Work task ->
Every line of the data below is to be written out again exactly.
[Start of section]
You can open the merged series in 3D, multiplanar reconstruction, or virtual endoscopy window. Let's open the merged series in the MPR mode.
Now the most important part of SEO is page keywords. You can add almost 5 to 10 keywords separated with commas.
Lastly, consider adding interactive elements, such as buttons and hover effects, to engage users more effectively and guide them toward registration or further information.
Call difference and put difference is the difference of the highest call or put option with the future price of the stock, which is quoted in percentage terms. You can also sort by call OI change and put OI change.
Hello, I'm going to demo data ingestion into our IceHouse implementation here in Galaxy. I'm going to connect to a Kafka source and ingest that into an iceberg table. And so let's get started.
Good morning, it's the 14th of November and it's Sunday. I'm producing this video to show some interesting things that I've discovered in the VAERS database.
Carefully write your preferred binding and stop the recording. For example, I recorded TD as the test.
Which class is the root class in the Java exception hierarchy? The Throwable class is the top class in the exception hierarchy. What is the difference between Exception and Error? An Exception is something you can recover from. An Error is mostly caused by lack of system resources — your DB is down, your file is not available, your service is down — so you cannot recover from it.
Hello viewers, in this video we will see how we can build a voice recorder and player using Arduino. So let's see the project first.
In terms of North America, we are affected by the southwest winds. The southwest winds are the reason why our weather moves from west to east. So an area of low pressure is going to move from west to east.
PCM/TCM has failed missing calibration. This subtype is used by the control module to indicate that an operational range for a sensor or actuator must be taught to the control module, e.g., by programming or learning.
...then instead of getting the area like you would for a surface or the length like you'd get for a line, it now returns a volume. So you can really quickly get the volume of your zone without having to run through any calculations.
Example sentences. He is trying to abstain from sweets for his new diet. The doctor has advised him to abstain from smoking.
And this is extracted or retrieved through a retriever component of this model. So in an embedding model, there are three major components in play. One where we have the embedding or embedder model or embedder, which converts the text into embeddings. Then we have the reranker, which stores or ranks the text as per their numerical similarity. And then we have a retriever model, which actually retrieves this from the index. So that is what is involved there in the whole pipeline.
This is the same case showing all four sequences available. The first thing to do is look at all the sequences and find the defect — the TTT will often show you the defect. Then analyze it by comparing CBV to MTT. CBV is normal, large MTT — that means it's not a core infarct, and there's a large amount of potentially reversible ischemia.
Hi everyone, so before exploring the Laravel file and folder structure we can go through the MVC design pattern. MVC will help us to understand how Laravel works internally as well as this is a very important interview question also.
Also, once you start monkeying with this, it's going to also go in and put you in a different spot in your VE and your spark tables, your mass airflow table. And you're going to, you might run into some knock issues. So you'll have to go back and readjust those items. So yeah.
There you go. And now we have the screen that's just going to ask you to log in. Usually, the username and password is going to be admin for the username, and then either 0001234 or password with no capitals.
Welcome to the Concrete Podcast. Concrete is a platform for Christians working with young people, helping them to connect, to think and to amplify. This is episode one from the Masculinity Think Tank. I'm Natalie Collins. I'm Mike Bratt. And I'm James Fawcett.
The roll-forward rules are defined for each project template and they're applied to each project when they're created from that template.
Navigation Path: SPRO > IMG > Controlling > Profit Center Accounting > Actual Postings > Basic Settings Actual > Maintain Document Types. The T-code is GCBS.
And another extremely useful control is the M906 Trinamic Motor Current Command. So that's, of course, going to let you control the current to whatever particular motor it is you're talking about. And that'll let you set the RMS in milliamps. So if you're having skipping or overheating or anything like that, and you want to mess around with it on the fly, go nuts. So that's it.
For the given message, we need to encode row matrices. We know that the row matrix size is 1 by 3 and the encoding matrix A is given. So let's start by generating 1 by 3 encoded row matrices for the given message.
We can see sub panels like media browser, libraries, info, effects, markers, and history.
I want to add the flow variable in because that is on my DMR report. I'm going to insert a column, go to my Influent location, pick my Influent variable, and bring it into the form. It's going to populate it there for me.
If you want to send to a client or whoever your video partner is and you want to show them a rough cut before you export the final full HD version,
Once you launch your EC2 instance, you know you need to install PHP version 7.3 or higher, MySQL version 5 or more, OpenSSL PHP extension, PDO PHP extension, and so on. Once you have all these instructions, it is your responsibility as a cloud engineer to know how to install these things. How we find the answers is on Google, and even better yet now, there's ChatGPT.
[End of section]
Task output ->
You can open the merged series in 3D, multiplanar reconstruction, or virtual endoscopy window. Let's open the merged series in the MPR mode.
Now the most important part of SEO is page keywords. You can add almost 5 to 10 keywords separated with commas.
Lastly, consider adding interactive elements, such as buttons and hover effects, to engage users more effectively and guide them toward registration or further information.
Call difference and put difference is the difference of the highest call or put option with the future price of the stock, which is quoted in percentage terms. You can also sort by call OI change and put OI change.
Hello, I'm going to demo data ingestion into our IceHouse implementation here in Galaxy. I'm going to connect to a Kafka source and ingest that into an iceberg table. And so let's get started.
Good morning, it's the 14th of November and it's Sunday. I'm producing this video to show some interesting things that I've discovered in the VAERS database.
Carefully write your preferred binding and stop the recording. For example, I recorded TD as the test.
Which class is the root class in the Java exception hierarchy? The Throwable class is the top class in the exception hierarchy. What is the difference between Exception and Error? An Exception is something you can recover from. An Error is mostly caused by lack of system resources — your DB is down, your file is not available, your service is down — so you cannot recover from it.
Hello viewers, in this video we will see how we can build a voice recorder and player using Arduino. So let's see the project first.
In terms of North America, we are affected by the southwest winds. The southwest winds are the reason why our weather moves from west to east. So an area of low pressure is going to move from west to east.
PCM/TCM has failed missing calibration. This subtype is used by the control module to indicate that an operational range for a sensor or actuator must be taught to the control module, e.g., by programming or learning.
...then instead of getting the area like you would for a surface or the length like you'd get for a line, it now returns a volume. So you can really quickly get the volume of your zone without having to run through any calculations.
Example sentences. He is trying to abstain from sweets for his new diet. The doctor has advised him to abstain from smoking.
And this is extracted or retrieved through a retriever component of this model. So in an embedding model, there are three major components in play. One where we have the embedding or embedder model or embedder, which converts the text into embeddings. Then we have the reranker, which stores or ranks the text as per their numerical similarity. And then we have a retriever model, which actually retrieves this from the index. So that is what is involved there in the whole pipeline.
This is the same case showing all four sequences available. The first thing to do is look at all the sequences and find the defect — the TTT will often show you the defect. Then analyze it by comparing CBV to MTT. CBV is normal, large MTT — that means it's not a core infarct, and there's a large amount of potentially reversible ischemia.
Hi everyone, so before exploring the Laravel file and folder structure we can go through the MVC design pattern. MVC will help us to understand how Laravel works internally as well as this is a very important interview question also.
Also, once you start monkeying with this, it's going to also go in and put you in a different spot in your VE and your spark tables, your mass airflow table. And you're going to, you might run into some knock issues. So you'll have to go back and readjust those items. So yeah.
There you go. And now we have the screen that's just going to ask you to log in. Usually, the username and password is going to be admin for the username, and then either 0001234 or password with no capitals.
Welcome to the Concrete Podcast. Concrete is a platform for Christians working with young people, helping them to connect, to think and to amplify. This is episode one from the Masculinity Think Tank. I'm Natalie Collins. I'm Mike Bratt. And I'm James Fawcett.
The roll-forward rules are defined for each project template and they're applied to each project when they're created from that template.
Navigation Path: SPRO > IMG > Controlling > Profit Center Accounting > Actual Postings > Basic Settings Actual > Maintain Document Types. The T-code is GCBS.
And another extremely useful control is the M906 Trinamic Motor Current Command. So that's, of course, going to let you control the current to whatever particular motor it is you're talking about. And that'll let you set the RMS in milliamps. So if you're having skipping or overheating or anything like that, and you want to mess around with it on the fly, go nuts. So that's it.
For the given message, we need to encode row matrices. We know that the row matrix size is 1 by 3 and the encoding matrix A is given. So let's start by generating 1 by 3 encoded row matrices for the given message.
We can see sub panels like media browser, libraries, info, effects, markers, and history.
I want to add the flow variable in because that is on my DMR report. I'm going to insert a column, go to my Influent location, pick my Influent variable, and bring it into the form. It's going to populate it there for me.
If you want to send to a client or whoever your video partner is and you want to show them a rough cut before you export the final full HD version,
Once you launch your EC2 instance, you know you need to install PHP version 7.3 or higher, MySQL version 5 or more, OpenSSL PHP extension, PDO PHP extension, and so on. Once you have all these instructions, it is your responsibility as a cloud engineer to know how to install these things. How we find the answers is on Google, and even better yet now, there's ChatGPT.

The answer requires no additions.